さて,選挙区の規模は代表の性格,選挙民の意思の反映のしかた,選挙運動の形態,選挙運営など多くの問題に影響を及ぼす。小選挙区,大選挙区とも一長一短がある。小選挙区制の長所は,(1)多数党の出現を容易にし,政局の安定が得られやすい,(2)選挙民が候補者の人物,識見,政見をよく知って投票する,(3)投票率が比較的高くなる,(4)同一政党内における同士討ちの弊害が少ない,(5)選挙運動費用が比較的少額で足りる,(6)候補者の乱立を比較的防止できる,(7)選挙運動の取締りが徹底する,(8)選挙公営の実施が容易である,などである。

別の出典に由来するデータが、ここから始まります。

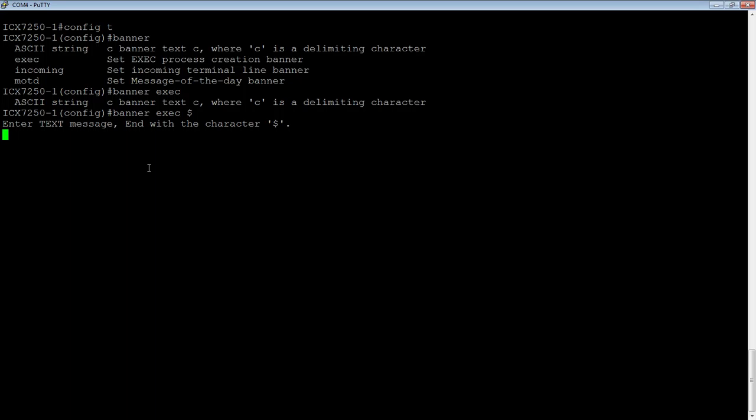You should never start your banner with a welcome. You should start it with a warning or some sort of go-away message that your system is being monitored. If you start your message with welcome, it may invite people in to explore around.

小選挙区制の短所は,(1)選挙結果は少数代表に不利であり,死票が増加して,不自然な多数党の登場を招く場合がある,(2)地方的勢力家に有利であって全国的大人物に不利であり,議員の素質の低下をもたらすおそれがある,(3)議員が地方的問題にのみ没頭しやすい,(4)新人の進出が困難である,(5)選挙民の候補者選択の幅が狭い,(6)個人的競争となるため選挙運動が激烈となり各種の弊害(暴行,脅迫,情実,買収等)を伴いやすい,(7)人口の変化に伴い,しばしば選挙区の再画定作業が必要となり,ゲリマンダーのおそれがある,などである。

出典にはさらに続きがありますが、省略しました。